会場は大阪府ではそこそこ名前の通った本屋さんだった。たぶん土曜日だったと思う。
会場に行ってみると、すごく人が並んでいるのでびっくりした。
「うわあ、すごいなあ。俺って人気があるんだな」
……と喜んだのも束の間だった。よく見ると、知っている人間ばかりなのだ。
会社の人や、妻の親戚が殆どである。
会社の同僚などは、行列が途切れてはまずいとばかりに、二度も並んでくれた。
一体どれぐらい売れたのかは不明だが、
とりあえずサイン会として格好はついたようである。
それでやめておけばよかったのだが、書店の社長が欲を出してしまった。
「北村さん、明日、別の支店でもう一回やりましょう」と提案してきた。
ここで断っておけば何の問題もなかったのだが、忠士は調子に乗っていた。
生まれて初めていっぱいサインをしたせいで、すっかりスター作家気取りなのだ。
「いいですねえ、やりましょう」と安請け合いしてしまった。
209名無しさんの野望:2001/06/26(火) 01:10
知り合いのおかげで本日のサイン会が辛うじて成り立ったということを、
すっかり忘れていたのだ。

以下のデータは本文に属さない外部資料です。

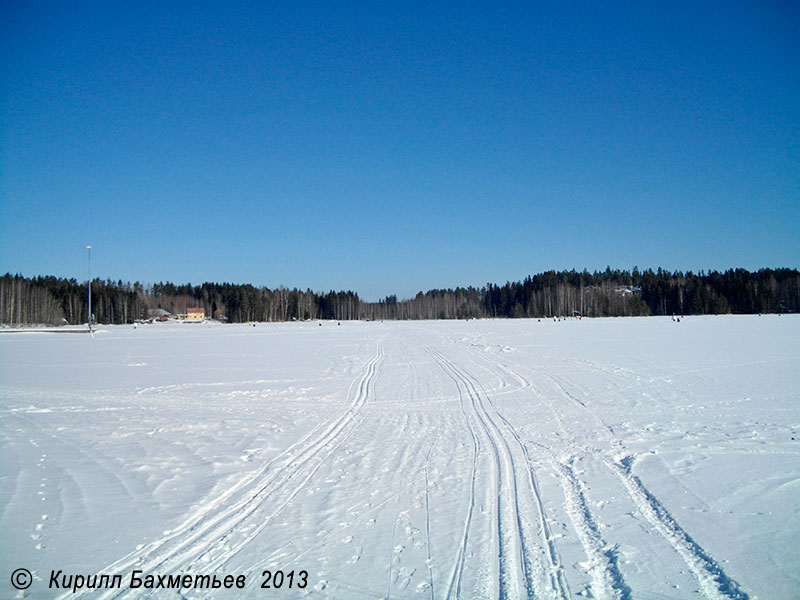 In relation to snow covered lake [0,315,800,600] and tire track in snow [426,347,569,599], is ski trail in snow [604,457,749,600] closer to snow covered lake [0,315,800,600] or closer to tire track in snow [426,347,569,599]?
snow covered lake [0,315,800,600]

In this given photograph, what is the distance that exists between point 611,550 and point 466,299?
17251cm

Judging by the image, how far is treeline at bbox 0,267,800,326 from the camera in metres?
98.6

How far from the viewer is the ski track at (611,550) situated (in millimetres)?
3494

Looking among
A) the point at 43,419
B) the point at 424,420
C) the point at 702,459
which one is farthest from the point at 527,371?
the point at 43,419

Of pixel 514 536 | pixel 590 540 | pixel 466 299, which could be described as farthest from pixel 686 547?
pixel 466 299

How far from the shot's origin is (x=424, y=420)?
9.36 metres

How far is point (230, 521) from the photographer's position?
4711 millimetres

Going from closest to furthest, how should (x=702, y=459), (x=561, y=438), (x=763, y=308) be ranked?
(x=702, y=459) → (x=561, y=438) → (x=763, y=308)

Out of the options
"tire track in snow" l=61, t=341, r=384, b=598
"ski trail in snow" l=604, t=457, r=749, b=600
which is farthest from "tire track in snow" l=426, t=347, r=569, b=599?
"tire track in snow" l=61, t=341, r=384, b=598

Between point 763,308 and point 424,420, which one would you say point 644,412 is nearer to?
point 424,420

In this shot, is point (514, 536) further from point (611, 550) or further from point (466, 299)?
point (466, 299)

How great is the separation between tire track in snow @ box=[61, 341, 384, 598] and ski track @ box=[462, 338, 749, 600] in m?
3.10

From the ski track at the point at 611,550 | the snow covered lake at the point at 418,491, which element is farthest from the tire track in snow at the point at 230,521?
the ski track at the point at 611,550

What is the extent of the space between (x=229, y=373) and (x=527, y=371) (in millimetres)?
11061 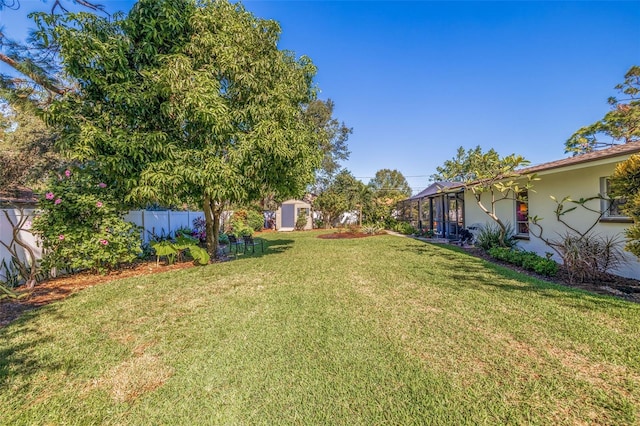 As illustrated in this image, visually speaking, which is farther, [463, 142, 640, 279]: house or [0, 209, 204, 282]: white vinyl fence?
[463, 142, 640, 279]: house

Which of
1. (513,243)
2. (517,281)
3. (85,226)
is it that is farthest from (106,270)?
Result: (513,243)

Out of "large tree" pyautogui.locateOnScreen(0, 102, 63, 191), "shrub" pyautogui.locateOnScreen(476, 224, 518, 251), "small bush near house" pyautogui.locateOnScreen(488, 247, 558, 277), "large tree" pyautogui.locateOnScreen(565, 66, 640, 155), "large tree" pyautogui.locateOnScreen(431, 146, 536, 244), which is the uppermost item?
"large tree" pyautogui.locateOnScreen(565, 66, 640, 155)

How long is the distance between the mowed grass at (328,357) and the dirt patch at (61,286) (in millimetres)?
393

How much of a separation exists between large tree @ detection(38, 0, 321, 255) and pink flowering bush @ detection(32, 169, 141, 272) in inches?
24.3

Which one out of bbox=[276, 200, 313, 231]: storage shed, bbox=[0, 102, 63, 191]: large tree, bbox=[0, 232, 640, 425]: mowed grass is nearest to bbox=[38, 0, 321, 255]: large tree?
bbox=[0, 232, 640, 425]: mowed grass

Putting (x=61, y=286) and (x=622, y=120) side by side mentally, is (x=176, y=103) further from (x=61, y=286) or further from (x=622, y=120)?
(x=622, y=120)

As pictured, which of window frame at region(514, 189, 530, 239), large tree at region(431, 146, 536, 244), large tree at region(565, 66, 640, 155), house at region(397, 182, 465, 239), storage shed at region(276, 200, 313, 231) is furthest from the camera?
storage shed at region(276, 200, 313, 231)

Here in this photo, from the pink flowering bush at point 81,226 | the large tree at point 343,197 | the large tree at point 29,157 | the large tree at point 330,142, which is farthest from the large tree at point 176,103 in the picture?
the large tree at point 330,142

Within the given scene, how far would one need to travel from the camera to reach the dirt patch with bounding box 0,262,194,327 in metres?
4.68

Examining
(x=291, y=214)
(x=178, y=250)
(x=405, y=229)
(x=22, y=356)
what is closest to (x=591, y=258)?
(x=22, y=356)

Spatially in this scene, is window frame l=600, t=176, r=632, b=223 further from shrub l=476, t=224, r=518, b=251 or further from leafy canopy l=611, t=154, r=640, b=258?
shrub l=476, t=224, r=518, b=251

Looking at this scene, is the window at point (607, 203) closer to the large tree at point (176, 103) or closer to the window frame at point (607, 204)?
the window frame at point (607, 204)

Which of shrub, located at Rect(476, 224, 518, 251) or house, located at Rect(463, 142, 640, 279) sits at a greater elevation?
house, located at Rect(463, 142, 640, 279)

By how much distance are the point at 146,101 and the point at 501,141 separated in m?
24.5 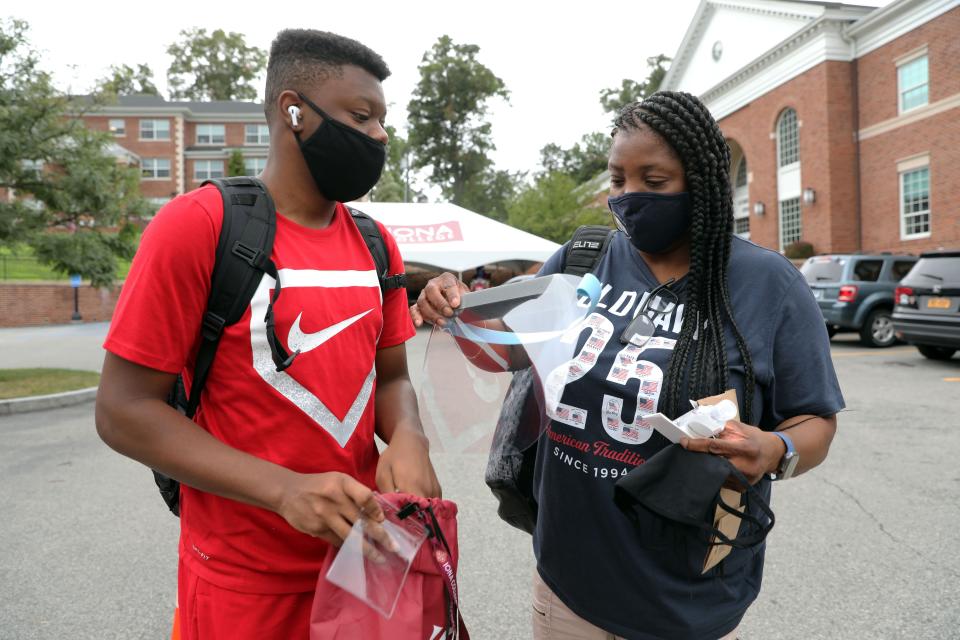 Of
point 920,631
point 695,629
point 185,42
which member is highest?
point 185,42

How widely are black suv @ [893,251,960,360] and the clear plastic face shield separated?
10885 mm

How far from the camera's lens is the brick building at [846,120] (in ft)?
67.3

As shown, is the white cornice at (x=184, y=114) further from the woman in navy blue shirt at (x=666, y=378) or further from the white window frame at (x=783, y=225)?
the woman in navy blue shirt at (x=666, y=378)

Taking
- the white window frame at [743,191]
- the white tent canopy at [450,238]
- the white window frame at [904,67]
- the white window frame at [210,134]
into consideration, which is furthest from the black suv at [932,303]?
the white window frame at [210,134]

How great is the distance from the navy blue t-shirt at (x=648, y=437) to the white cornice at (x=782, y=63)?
25.7 meters

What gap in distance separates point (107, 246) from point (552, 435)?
36.0ft

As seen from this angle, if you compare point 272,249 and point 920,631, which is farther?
point 920,631

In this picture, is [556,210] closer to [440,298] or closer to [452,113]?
[452,113]

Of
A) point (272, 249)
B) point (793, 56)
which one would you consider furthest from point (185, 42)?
point (272, 249)

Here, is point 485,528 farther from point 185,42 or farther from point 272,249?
point 185,42

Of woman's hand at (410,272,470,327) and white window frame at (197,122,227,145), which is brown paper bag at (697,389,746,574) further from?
white window frame at (197,122,227,145)

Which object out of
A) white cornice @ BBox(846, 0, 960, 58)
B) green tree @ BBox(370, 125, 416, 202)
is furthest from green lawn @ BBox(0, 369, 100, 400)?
green tree @ BBox(370, 125, 416, 202)

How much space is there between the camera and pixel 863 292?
13.6 metres

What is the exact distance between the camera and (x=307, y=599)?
5.15 ft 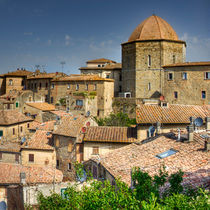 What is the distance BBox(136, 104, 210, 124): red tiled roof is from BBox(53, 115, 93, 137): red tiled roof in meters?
6.07

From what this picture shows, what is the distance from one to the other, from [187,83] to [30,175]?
91.0 ft

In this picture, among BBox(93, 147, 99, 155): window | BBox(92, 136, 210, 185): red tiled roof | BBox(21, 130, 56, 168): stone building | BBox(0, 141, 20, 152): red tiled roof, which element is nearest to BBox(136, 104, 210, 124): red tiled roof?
BBox(93, 147, 99, 155): window

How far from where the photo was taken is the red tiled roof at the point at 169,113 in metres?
23.2

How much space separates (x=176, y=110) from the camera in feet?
80.5

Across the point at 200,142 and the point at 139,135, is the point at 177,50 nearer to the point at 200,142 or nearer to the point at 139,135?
the point at 139,135

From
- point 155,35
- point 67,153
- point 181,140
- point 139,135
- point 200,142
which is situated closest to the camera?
point 200,142

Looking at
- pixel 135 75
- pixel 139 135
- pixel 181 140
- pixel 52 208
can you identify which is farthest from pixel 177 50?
pixel 52 208

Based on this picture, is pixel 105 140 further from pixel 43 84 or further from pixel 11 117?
pixel 43 84

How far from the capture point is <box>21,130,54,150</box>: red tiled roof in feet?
92.3

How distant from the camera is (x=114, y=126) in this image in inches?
1314

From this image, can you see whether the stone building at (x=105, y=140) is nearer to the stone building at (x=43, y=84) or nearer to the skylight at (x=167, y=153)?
the skylight at (x=167, y=153)

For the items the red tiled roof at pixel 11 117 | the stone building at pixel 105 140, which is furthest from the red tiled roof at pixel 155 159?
the red tiled roof at pixel 11 117

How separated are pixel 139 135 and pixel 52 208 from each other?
12763 mm

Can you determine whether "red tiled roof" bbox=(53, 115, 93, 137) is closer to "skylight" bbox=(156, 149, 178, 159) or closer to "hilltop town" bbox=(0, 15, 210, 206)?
"hilltop town" bbox=(0, 15, 210, 206) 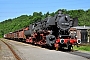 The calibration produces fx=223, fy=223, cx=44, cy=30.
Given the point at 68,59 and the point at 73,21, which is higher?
the point at 73,21

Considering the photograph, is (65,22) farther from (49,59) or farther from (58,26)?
(49,59)

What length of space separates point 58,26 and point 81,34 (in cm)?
3392

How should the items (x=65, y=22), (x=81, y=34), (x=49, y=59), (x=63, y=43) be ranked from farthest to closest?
(x=81, y=34) → (x=65, y=22) → (x=63, y=43) → (x=49, y=59)

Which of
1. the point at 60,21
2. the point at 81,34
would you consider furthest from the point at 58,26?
the point at 81,34

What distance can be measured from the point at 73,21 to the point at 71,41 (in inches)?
107

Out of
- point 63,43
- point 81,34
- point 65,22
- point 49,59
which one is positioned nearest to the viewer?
point 49,59

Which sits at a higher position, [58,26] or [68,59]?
[58,26]

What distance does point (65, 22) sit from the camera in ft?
75.3

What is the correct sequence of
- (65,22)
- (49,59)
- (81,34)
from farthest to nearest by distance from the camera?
(81,34)
(65,22)
(49,59)

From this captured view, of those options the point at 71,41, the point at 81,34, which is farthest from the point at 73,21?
the point at 81,34

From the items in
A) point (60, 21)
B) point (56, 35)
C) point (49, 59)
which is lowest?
point (49, 59)

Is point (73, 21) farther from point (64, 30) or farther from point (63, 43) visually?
point (63, 43)

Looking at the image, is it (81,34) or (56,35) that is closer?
(56,35)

好天に恵まれた翌日、本屋の社長と忠士は、
某駅前の書店に机を出し、
「北村忠士(タダシン=レイ)サイン会」というのぼりを立てて、
客がどっと押し寄せるのを待ち構えていた。
社長は売る気満々、忠士はサインする気満々である。
しかし待てど暮らせど客は来なかった。いや、書店に客は来るのだが、
こっちに目を向ける人は殆どいないのだ。
「何だこいつ」という冷たい視線をたまに投げられるだけである。
三十分ほどそうしていたが、どうやらこれは失敗らしいと気づいた我々は、
どちらからともなく、今日はもうやめましょうといいだした。
210名無しさんの野望:2001/06/26(火) 01:10
それで机を片づけようとすると、小学生ぐらいのガキが近づいてきて、
「サインしてくれるの?」と訊いた。
そうだよと答えるとガキはどこからか新聞のチラシを持ってきた。
それを裏返し、「ここに書いて」というのだった。
半ばヤケになっていた忠士はそこにサインをし、ガキと握手までした。
サイン会二日目に書いたサインはそれだけである。
その時に忠士は決意したのだった。この先売れることがあっても、
絶対にサイン会だけはしないぞ、と。
そして、一生をオンラインゲーム開発に捧げるぞ、と。